Residents complained that after the fire, pleas to deputies to take a missing persons report and launch a search initially were not heeded, that deputies were not wearing name badges and that at least one refused to give his name.
The Sheriff’s department has indicated that the first person who asked for a search did not know the couple’s name or exact address.
It is true, however, that some deputies’ badges were not visible. That’s because during the fire, deputies were told to wear Yellow turnouts and some wore external vests that covered badges. “You can’t put a metal nametag on fire retardant gear; it will get super hot and burn,” Captain Turner explained. But he added that deputies should give names if asked and should always be courteous to the public. The department is looking into potential solutions for the future to have identifications visible.
After a missing persons report was ultimately taken, he said, the deputies who took the report did walk through the property on Monday, June 27, 8 days after the fire, looking for the Keefes. The next day, the Sheriff’s Bomb Arson unit and Cal Fire also searched the property but missed finding the bodies in the rocks on a hill behind the home. They called for a Search and Rescue unit, which includes rescue and recovery dogs, but the canines were deployed on a search for a missing person in Valley Center.
A rural sergeant and search and rescue personnel came to come up with a search plan but in the meantime, Concerned neighbors formed their own search group and found the bodies after a 15-minute effort by following tracks left by the couple’s dogs and also following the odor of decay.
Turner said no effort was made to stop the volunteers. “I said at this point, any help we can get we can appreciate,” he added.
He said an officer called to report that the women who found the bodies were “not happy, they were yelling and upset…I told the deputies to give them some space.”
Some of the women have indicated they wanted to speak to a counselor or social worker, but none was provided. Turner said he was not aware of that initially but that free counseling short-term is available through Trauma Intervention Prevention Speciaists, or TIPS.(Learn more at http://www.tipsandiego.org/)
Other concerns of community members in evacuated areas involved problems getting supplies for animals including livestock and pets.
Turner said one proposal for the future could be to issue critical infrastructure ID prior to a disaster that would enable some individuals to have access to care for large numbers of animals, potentially preventing disastrous losses such as a chicken farm where an estimated20,000chickens died due to lack of water, feed, and a generator to power up a cooling system.

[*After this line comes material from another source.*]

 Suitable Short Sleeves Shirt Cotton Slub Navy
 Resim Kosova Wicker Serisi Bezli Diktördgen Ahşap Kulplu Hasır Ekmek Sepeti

He confirmed that people who leave an evacuation are won’t be allowed back in, even if they are seeking to bring supplies in for their own animals. Asked about an incident in which one group of volunteers was reportedly prevented from handing supplies over a barricade to a farmer inside the evacuation zone, however, Turner said, “They should be able to hand supplies over.”
He pointed out that there is good reason for wanting people to evacuate and to stay out until evacuations are lifted. One is that fires can burn back, trapping people. The couple who died in Potrero, for example, could have survived if they had heeded evacuation warnings. Another problem is that unauthorized vehicles can block roads for firefighters or run over and damage hoses, as happened in another recent local firestorm. If people don’t evacuate and later request a rescue, firefighters are put at risk; one suffered severe burns in the 2007 Harris Fire attempting to rescue a resident in Potrero.
Overall, he believes, “We are light years ahead of when I came on this department in 2002. We are better than in 2003 and 2007. There are some things in this that we need to look at,” he acknowledged, adding that after a community meeting in Dulzura, some residents have contacted him with specifics on times and dates of interactions with deputies.
He encourages citizens to reach out and call him at 619-659-2601 with any concerns “so we can see how we can do a better job.”
Supervisor Dianne Jacob's office has advised that an after the fires action report will be prepared by the County, and that residents will have an opportunity for input after the initial draft report is available later this summer.